Seeing Rufus with all the trademark Nomura belts and buckles was a bit cheesy, but then the whole game goes to brand new characters, new beings, and a timeline twist of fate Kingdom Hearts shenanigans style that will make you overthink what you knew, or what you thought you knew, and who this person really is, or these beings trying to stop the intervention of beings intervening with time and fate. Sound ridiculous? Well, it could be that I just made all of that up off the top of my head. Or that Nomura made all of that up because HE DID. I wish I was kidding here folks. That is really my only big complaint here. And it goes further than that, but I refuse to spoil anything. Some of my friends who are fans of the original are fine with it. And that’s completely alright. But I am just not. So much that I might make a separate article about how dumb I think this move is. But, I am not Tetsuya Nomura, and in the grand scale, it might pay off in ways I haven’t thought about. So my gripes are that, some texture issues, and the occasional drawn out battle. Over all, I enjoyed this game.

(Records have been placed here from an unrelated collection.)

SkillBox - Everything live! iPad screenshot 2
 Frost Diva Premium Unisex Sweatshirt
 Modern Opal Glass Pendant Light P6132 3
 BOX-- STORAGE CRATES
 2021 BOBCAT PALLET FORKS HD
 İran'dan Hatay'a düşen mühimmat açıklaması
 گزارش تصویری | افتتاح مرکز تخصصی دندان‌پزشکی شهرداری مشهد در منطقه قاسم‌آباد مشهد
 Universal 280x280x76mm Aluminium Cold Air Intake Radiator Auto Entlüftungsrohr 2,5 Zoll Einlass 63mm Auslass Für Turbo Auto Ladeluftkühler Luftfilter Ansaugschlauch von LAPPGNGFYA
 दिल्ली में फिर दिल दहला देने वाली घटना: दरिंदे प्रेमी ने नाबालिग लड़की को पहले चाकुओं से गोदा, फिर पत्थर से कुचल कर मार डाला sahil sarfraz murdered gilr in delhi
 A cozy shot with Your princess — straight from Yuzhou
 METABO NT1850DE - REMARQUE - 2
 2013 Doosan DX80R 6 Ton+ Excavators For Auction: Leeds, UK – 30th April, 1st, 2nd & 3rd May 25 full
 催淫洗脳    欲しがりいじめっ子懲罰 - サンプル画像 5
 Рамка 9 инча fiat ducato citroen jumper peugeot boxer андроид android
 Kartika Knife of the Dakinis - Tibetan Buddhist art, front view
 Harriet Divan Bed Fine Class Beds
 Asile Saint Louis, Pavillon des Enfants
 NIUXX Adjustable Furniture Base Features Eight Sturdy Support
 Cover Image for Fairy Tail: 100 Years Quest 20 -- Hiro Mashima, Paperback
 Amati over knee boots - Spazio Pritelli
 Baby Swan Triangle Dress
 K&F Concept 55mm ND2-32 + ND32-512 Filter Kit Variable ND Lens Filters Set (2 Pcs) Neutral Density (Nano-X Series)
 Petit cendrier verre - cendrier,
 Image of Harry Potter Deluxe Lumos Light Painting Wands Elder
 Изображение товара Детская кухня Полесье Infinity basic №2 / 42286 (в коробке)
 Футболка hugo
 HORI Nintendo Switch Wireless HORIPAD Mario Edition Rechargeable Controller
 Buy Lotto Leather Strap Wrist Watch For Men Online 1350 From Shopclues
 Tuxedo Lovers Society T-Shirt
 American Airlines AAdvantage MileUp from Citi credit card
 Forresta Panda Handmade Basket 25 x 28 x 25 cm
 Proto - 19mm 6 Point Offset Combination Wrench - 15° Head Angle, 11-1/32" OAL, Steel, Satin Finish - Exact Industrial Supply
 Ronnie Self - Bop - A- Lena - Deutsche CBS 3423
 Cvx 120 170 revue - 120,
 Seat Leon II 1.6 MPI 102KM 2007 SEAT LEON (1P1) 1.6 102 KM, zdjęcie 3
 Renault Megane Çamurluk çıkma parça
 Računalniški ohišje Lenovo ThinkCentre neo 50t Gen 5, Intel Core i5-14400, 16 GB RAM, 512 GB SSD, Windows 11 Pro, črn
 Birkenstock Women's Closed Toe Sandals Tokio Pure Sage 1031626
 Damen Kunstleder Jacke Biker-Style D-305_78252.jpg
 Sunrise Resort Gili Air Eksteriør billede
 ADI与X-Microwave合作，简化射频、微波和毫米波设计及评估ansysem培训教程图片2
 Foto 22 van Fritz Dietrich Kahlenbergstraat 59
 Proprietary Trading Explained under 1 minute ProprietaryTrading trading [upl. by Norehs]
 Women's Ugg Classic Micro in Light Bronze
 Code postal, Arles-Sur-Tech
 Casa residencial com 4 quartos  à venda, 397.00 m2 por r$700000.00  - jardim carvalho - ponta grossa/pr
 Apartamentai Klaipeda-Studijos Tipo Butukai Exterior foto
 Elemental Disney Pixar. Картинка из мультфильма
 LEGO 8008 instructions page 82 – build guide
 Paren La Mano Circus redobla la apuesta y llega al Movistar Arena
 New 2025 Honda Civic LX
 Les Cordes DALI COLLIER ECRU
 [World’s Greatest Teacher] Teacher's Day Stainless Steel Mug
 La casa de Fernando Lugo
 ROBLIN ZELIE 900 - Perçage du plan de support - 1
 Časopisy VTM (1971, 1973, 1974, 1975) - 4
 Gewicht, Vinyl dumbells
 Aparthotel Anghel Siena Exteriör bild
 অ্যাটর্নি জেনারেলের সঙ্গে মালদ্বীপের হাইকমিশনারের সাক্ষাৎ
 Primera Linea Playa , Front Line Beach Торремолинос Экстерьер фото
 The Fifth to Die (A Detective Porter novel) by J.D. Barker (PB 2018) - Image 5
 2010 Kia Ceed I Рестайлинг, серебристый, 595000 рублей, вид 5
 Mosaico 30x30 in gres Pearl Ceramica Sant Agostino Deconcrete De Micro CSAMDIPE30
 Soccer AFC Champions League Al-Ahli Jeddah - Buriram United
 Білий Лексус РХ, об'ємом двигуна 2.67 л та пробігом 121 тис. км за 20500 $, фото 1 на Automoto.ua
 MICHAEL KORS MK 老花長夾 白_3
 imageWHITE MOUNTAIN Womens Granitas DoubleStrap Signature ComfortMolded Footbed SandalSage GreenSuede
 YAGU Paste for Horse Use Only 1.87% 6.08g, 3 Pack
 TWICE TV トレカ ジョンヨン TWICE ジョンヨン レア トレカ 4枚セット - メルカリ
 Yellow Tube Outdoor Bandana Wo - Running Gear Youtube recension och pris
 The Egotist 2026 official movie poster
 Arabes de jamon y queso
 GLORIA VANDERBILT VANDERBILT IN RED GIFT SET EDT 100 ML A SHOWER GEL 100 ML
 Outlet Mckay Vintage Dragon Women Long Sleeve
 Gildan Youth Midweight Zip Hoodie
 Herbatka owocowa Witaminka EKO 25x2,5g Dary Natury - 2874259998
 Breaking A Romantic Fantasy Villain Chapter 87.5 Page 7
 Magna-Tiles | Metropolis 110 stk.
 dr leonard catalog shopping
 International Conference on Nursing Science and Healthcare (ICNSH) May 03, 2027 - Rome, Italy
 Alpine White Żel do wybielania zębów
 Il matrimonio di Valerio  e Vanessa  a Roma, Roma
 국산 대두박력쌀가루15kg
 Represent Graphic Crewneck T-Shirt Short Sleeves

If you are a fan of the original, or have never played it, I would still suggest Final Fantasy VII Remake. There is plenty for everyone here, including post game stuff to do, and a hard mode that looks very intense. And at the end of the day, regardless of my complaints, you get a very high caliber game made with the love and respect it deserves. And I can’t wait to play the future parts of the game, barring Cloud starting to sport clown shoes and has to save people’s hearts.

8.7

Good

  • We have finally made it this far, no longer in the April Fools' abyss.
  • The graphics are just so good! Which if you remember the original, they were also pretty groundbreaking for consoles.
  • The soundtrack is so much fun, hearing so many variations of each track.
  • A nice mixture of real time and turn based, making for a very fun, and very busy battle system.

Bad

  • Occasionally textures have problems popping in, but I think that will be fixed in the future.
  • The new additions can be too silly, and almost takes away more than it adds to the game.
  • Kingdom Hearts 2.5HD Remix 1/2 Machina Belt Buckle Zipper Extraction/358 Days Birth By Sephiroth is just not needed in this story. At all.